Adaline is a single-layer neural network used for binary classification. It is an improvement over the perceptron algorithm and is based on the concept of minimizing a cost function using gradient descent. Below is an explanation of the algorithm based on the provided code implementation.

---

## Algorithm Steps

### 1. **Initialization**
- The weights (`self.w_`) and bias (`self.b_`) are initialized randomly using a normal distribution with a small scale (`scale=0.01`).
- The learning rate (`self.lr`) and number of iterations (`self.n_iters`) are set during initialization.

---

### 2. **Training (Fit Method)**
Adaline uses **gradient descent** to minimize the **mean squared error (MSE)** loss function. For each epoch (iteration):

1. **Net Input**: Compute the net input as a linear combination of the input features and weights, plus the bias:

   $net$\_$input$ $=$ $X$ $⋅$ $w$ + $b$


2. **Activation Function**: The activation function is the identity function (i.e., no transformation is applied):
   
   $output =$ $net$\_$input$

3. **Error Calculation**: Compute the error as the difference between the true labels (`y`) and the predicted output:
   
   $errors = y - output$

4. **Weight and Bias Update**: Update the weights and bias using the gradient of the MSE loss function:

   $w$ = $w$ + $η$ $⋅$ $\frac{2}{N}$ $⋅$ $X^{T}$ $⋅$ $errors$

   $b$ = $b$ + $η$ $⋅$ $\frac{2}{N}$ $⋅$ $mean(errors)$

   Here, $eta$ is the learning rate, and $N$ is the number of samples.


5. **Loss Calculation**: Compute the MSE loss for the current epoch and store it in `self.losses_`.

---

### 3. **Prediction**
- After training, the model predicts the class label for new input data:
  - Compute the net input and apply the activation function.
  - If the output is greater than or equal to 0.5, predict class 1; otherwise, predict class 0.

---

## Benefits of Adaline

1. **Smooth Convergence**:
   - Adaline uses gradient descent to minimize the MSE loss, which provides smoother convergence compared to the perceptron algorithm.

2. **Continuous Optimization**:
   - The use of a continuous loss function (MSE) allows for better optimization and fine-tuning of weights.

3. **Interpretability**:
   - The weights and bias learned by Adaline can be interpreted as the importance of each feature in the decision-making process.

4. **Foundation for Advanced Models**:
   - Adaline serves as a foundation for more advanced models like logistic regression and multi-layer neural networks.

---

## Drawbacks of Adaline

1. **Sensitive to Learning Rate**:
   - The performance of Adaline heavily depends on the choice of the learning rate.
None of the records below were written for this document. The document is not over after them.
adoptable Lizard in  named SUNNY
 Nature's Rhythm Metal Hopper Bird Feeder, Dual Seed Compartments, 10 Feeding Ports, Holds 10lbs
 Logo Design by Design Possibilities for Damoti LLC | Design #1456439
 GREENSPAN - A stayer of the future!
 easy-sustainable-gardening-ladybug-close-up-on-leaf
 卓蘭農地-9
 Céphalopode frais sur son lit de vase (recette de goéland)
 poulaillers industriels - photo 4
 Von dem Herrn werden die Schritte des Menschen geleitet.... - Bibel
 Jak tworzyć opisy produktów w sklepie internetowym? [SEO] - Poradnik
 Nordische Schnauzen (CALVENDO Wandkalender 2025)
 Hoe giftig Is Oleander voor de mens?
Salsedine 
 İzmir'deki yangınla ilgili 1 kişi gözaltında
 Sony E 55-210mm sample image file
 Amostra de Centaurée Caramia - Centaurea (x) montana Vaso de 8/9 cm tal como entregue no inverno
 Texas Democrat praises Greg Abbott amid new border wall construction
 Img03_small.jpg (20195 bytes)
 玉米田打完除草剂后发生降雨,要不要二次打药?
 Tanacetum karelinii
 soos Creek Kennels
A too-small learning rate leads to slow convergence, while a too-large learning rate can cause instability.

2. **Linear Separability**:
   - Like the perceptron, Adaline works well only for linearly separable data. It cannot handle non-linear decision boundaries without feature transformations.

3. **No Guarantee of Global Optimum**:
   - Gradient descent can get stuck in local minima, especially if the loss surface is non-convex.

4. **Scalability**:
   - For large datasets, Adaline can be computationally expensive due to the need to compute the gradient over the entire dataset in each iteration.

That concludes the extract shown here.